Description
The session outlines significant updates to UK valuation standards, effective May 2024, designed to elevate transparency, documentation, and trust in property assessments, with a strong focus on ESG, residential markets, and regulated purpose valuations.
Key Points:
- Major Updates to Valuation Standards (Effective May 2024)
The RICS UK National Supplement and Red Book have been revised to improve valuation quality, introduce clearer compliance for residential and regulated purpose valuations, and respond to market concerns, especially in the build-to-rent sector and secured lending. Firms must update practices and respect new client engagement limits (10 years for firms, 5 for individuals). - Emphasis on ESG, Documentation & Independence
New guidance reflects a greater focus on ESG considerations, particularly energy efficiency and sustainability. Valuers are urged to maintain robust documentation, clear rationale, and independence from client influence. Discounted cash flow models are increasingly used for residential and investment property valuations. - Valuation Reform Driven by Legislation and Sector Growth
Legislation like the Leasehold and Freehold Reform Bill is shifting valuation models by redefining the relationship between leaseholders and freeholders, impacting long-term value assumptions.
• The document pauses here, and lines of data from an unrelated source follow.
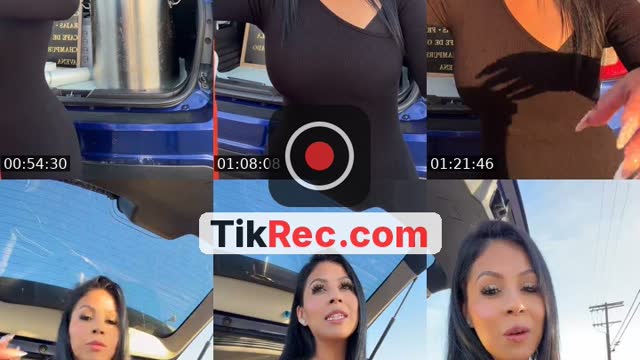@lizreyes_08 TikTok live from 2026-08-28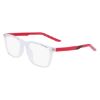 Picture of Nike Eyeglasses 5543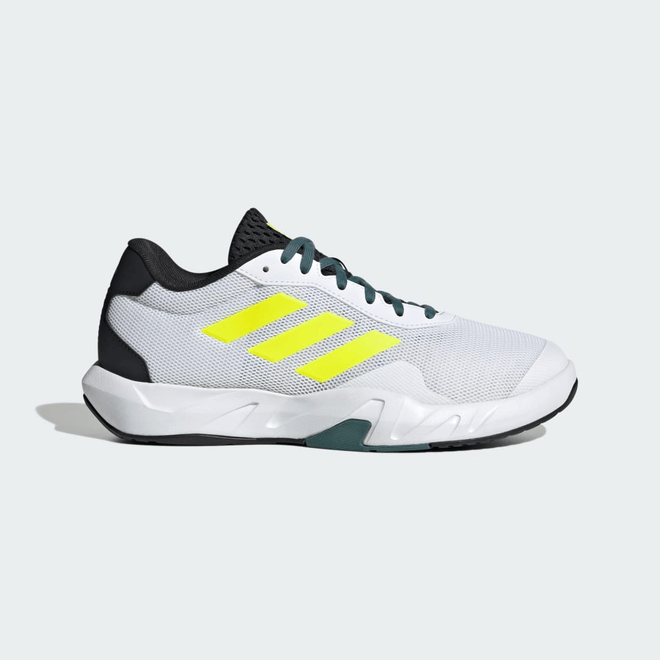 adidas Amplimove Training JR9297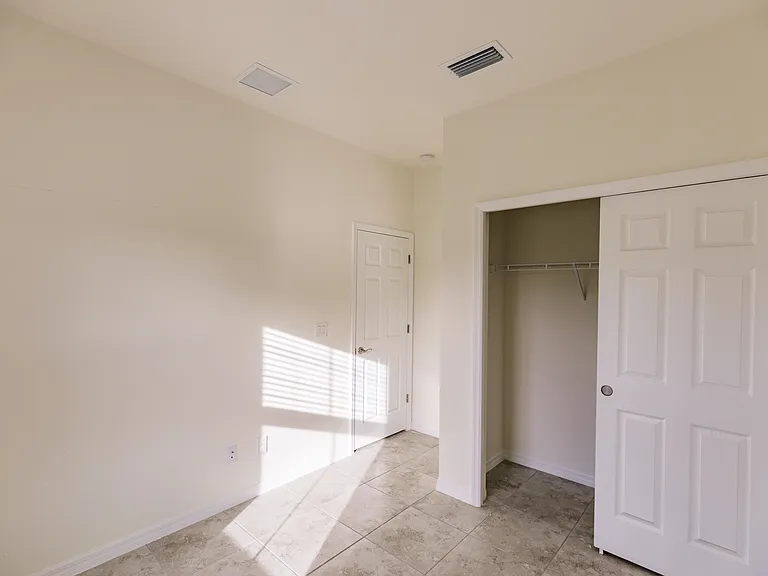 1176 Navigator Rd — Photo 16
The growing complexity of residential markets necessitates clearer guidance, including interactive and accessible Red Book versions to support better practice.
Learning Objectives:
- Understand the May 2024 updates to UK valuation standards and their implications for regulated purpose and residential valuations.
- Apply best practices in valuation reporting, including independence, detailed documentation, and transparent methodologies.
- Incorporate ESG considerations and prepare for upcoming legislative changes (e.g., leasehold reform) affecting long-term property value assessments.